Try this:
^\d{3}P[A-Z]\d{7}[0-9X]$
The character group [0-9X]
will match a single numeric character or X
(unless an explicit quantifier other than {1}
– e.g. {2}
– follows it).
Addendum:
As @sln pointed out, it would be best to settle on 0-9
or \d
(not mix the two) in a given regexp for consistency – in other words use...
^\d{3}P[A-Z]\d{7}[\dX]$
...or...
^[0-9]{3}P[A-Z]\d{7}[0-9X]$
...in this case.
Performance
Following comments regarding abysmal regexp performance, the concerns are greatly overstated.
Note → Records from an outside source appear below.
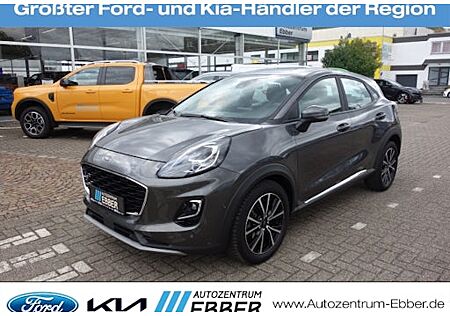 Ford Puma 1,0 EcoBoost Hybrid 92kW Titanium 5 Türen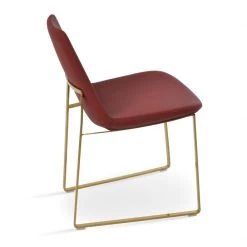 SohoConcept Eiffel Sled Chair Modern Dining
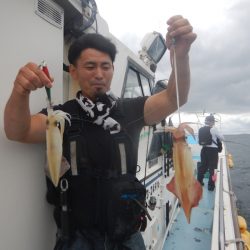 きずなまりん 釣果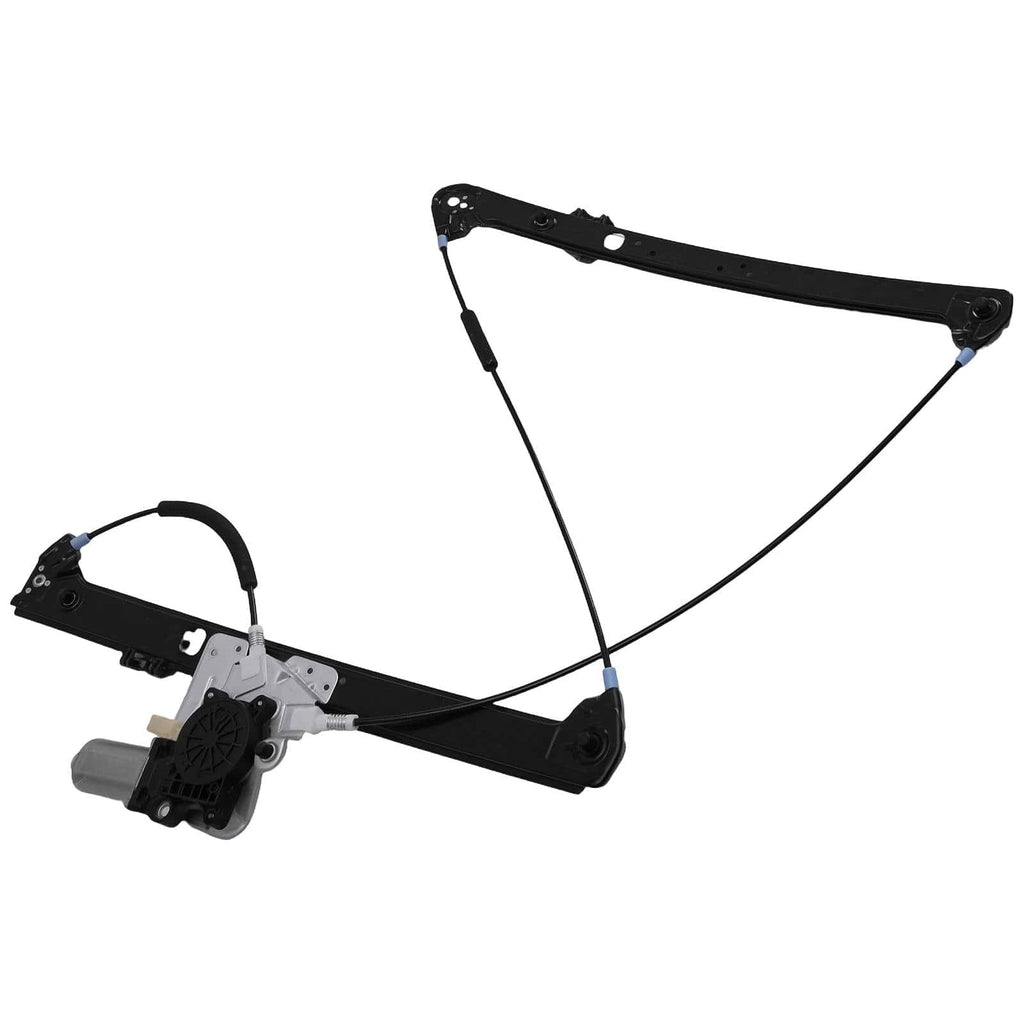 2x Elektrischer Fensterheber voor geschikt voor BMW X5 2000-2006 51338254911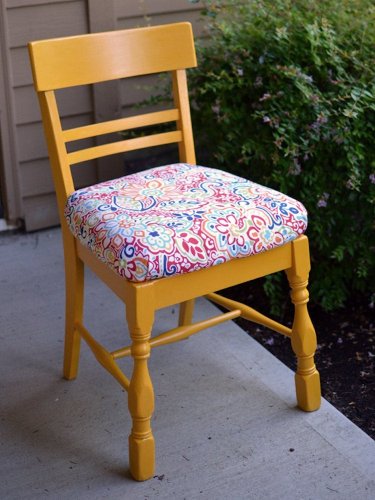 Without a Stitch: 10 No-Sew Projects to Dress Up Any Room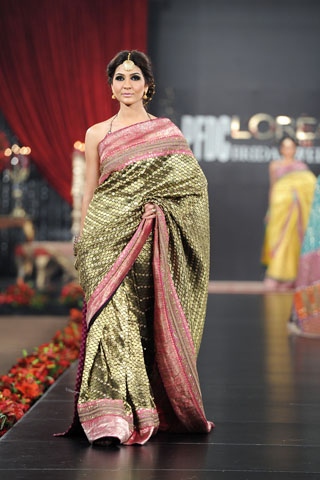 Umar Sayeed at PFDC L'Oreal Paris Bridal Week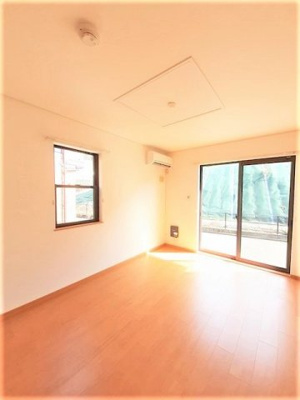 【内装】 | アクティーボシンデンＢ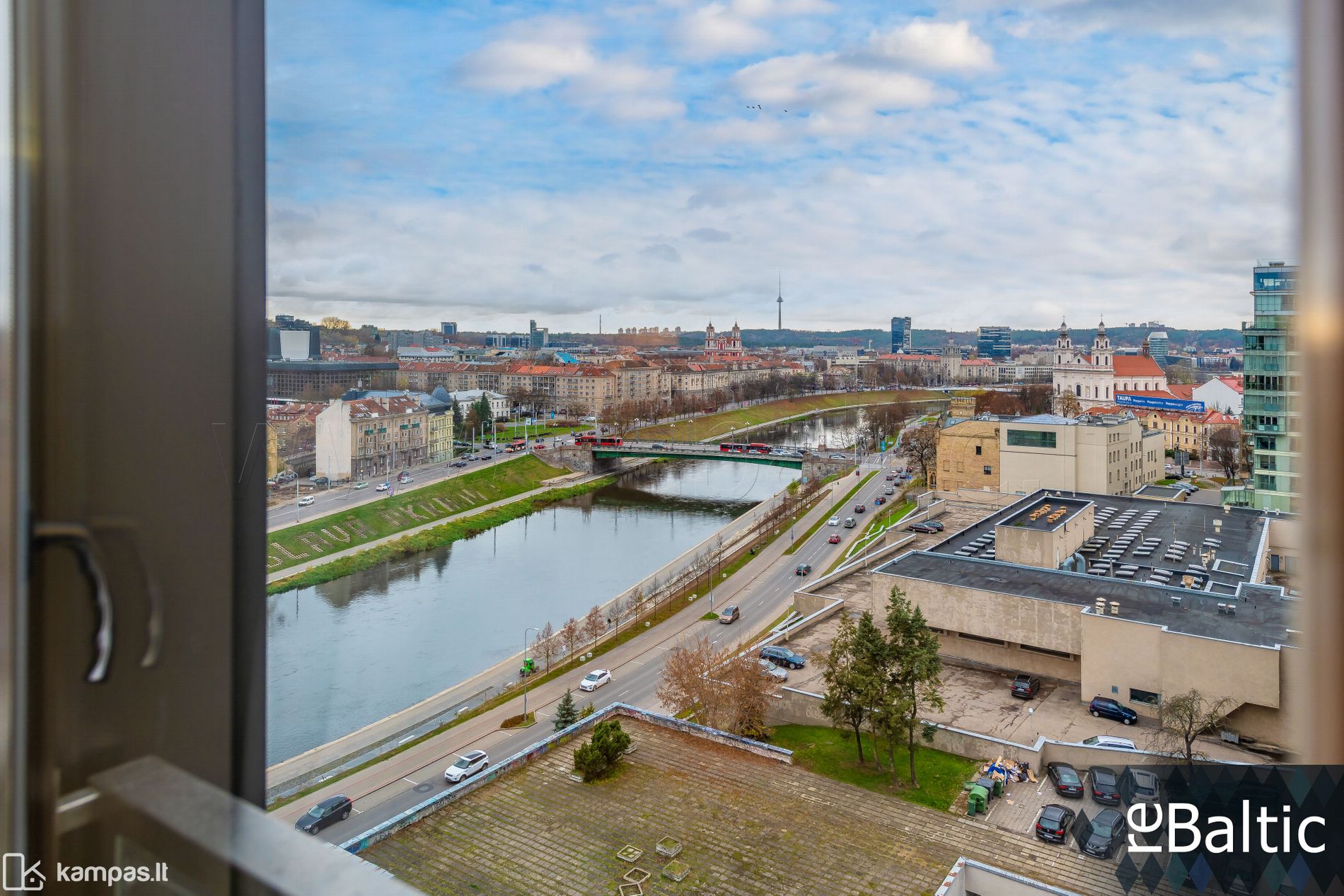 Main Image Vilnius, Šnipiškės, A. Juozapavičiaus g.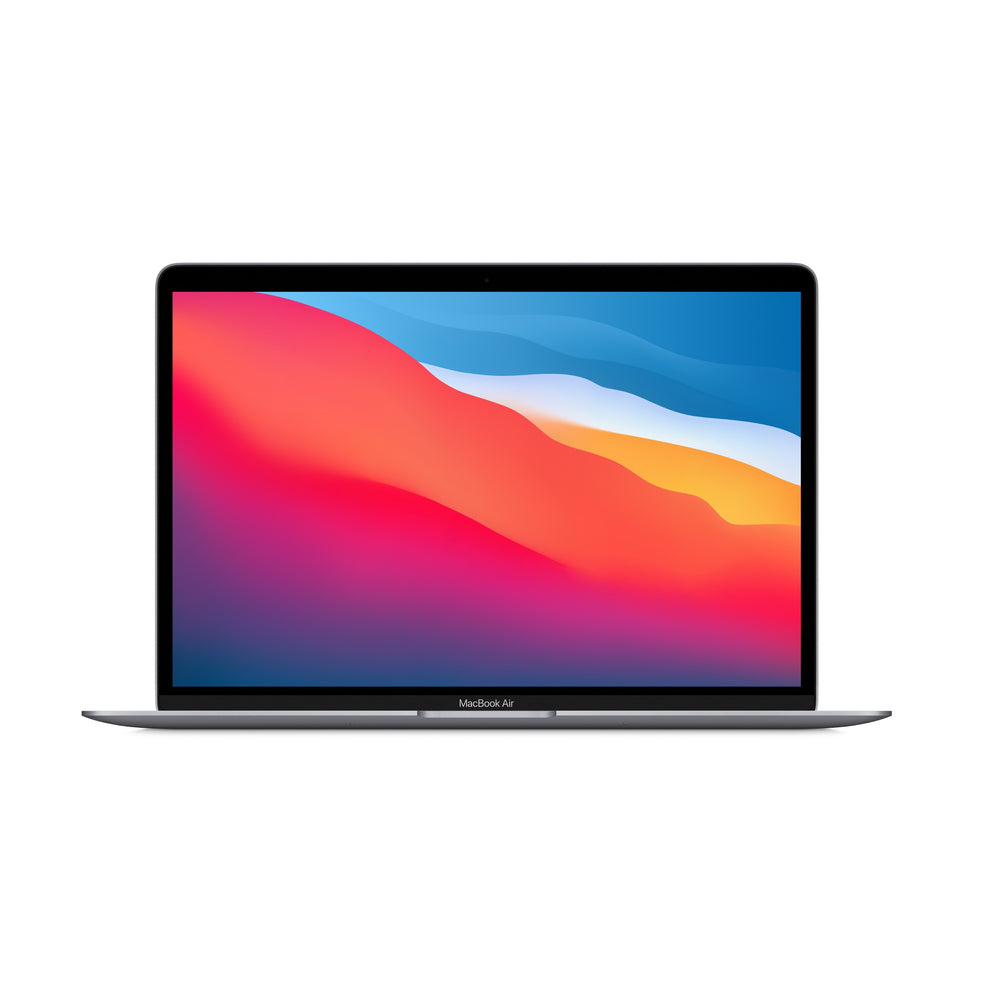 Image of Apple MacBook Air 13.3" - M1 Chip - 256 GB SSD - 8 GB Unified Memory - Space Grey
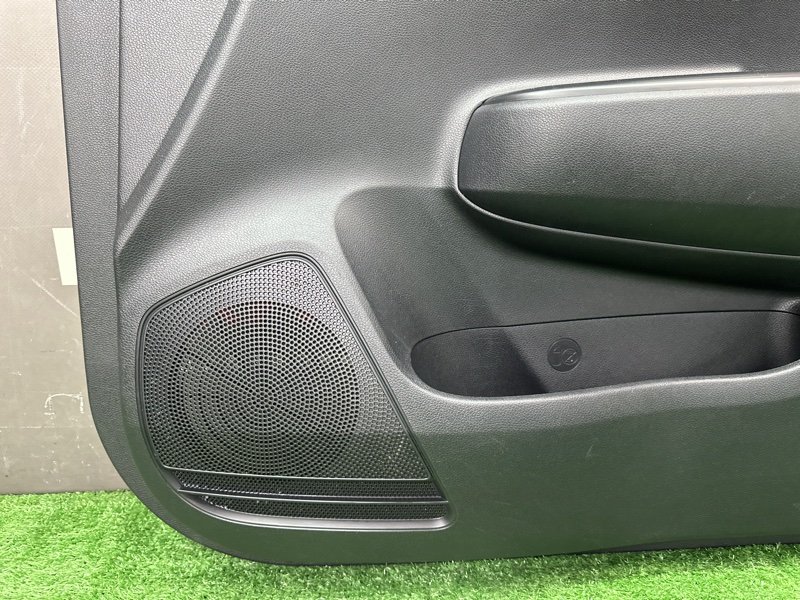 Обшивка двери Kia Rio 4 2018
Here is a quick sanity check...
void Main()
{
// Quick sanity check.
string str = "111PH1234567X";
Stopwatch stopwatch = Stopwatch.StartNew();
for (int i = 0; i < 1000000; i++)
{
if (str.Substring(0, 3).All(char.IsDigit) //first 3 are digits
&& str[3] == 'P' //4th is P
&& char.IsLetter(str[4]) //5th is a letter
&& str.Substring(5, 7).All(char.IsDigit) //6-12 are digits
&& char.IsDigit(str[12]) || str[12] == 'X') //13 is a digit or X
{
;
//Console.WriteLine("good");
}
}
Console.WriteLine(stopwatch.Elapsed);
stopwatch = Stopwatch.StartNew();
Regex regex = new Regex(@"^\d{3}P[A-Z]\d{7}[0-9X]$", RegexOptions.Compiled);
for (int j = 0; j < 1000000; j++)
{
regex.IsMatch(str);
}
Console.WriteLine(stopwatch.Elapsed + " (regexp)");
// A bit more rigorous sanity check.
string[] strs = { "111PH1234567X", "grokfoobarbaz", "really, really, really, really long string that does not match", "345BA7654321Z" };
Stopwatch stopwatch2 = Stopwatch.StartNew();
for (int i = 0; i < strs.Length; i++)
{
for (int j = 0; j < 1000000; j++)
{
if (strs[i].Substring(0, 3).All(char.IsDigit) //first 3 are digits
&& strs[i][3] == 'P' //4th is P
&& char.IsLetter(strs[i][4]) //5th is a letter
&& strs[i].Substring(5, 7).All(char.IsDigit) //6-12 are digits
&& char.IsDigit(strs[i][12]) || strs[i][12] == 'X') //13 is a digit or X
{
;
//Console.WriteLine("good");
}
}
}
Console.WriteLine(stopwatch2.Elapsed);
stopwatch2 = Stopwatch.StartNew();
Regex regex2 = new Regex(@"^\d{3}P[A-Z]\d{7}[0-9X]$", RegexOptions.Compiled);
for (int i = 0; i < strs.Length; i++)
{
for (int j = 0; j < 1000000; j++)
{
regex2.IsMatch(strs[i]);
}
}
Console.WriteLine(stopwatch2.Elapsed + " (regexp)");
}
...that yields the following on my humble machine:
00:00:00.2134404
00:00:00.4527271 (regexp)
00:00:00.4872452
00:00:00.9534147 (regexp)
The regexp approach appears to be ~2x slower. As with anything, one needs to consider what makes sense for their use case, scale etc. Personally, I side with Donald Knuth, start with "premature optimization is the root of all evil", and would make a performance-driven choice only as needed.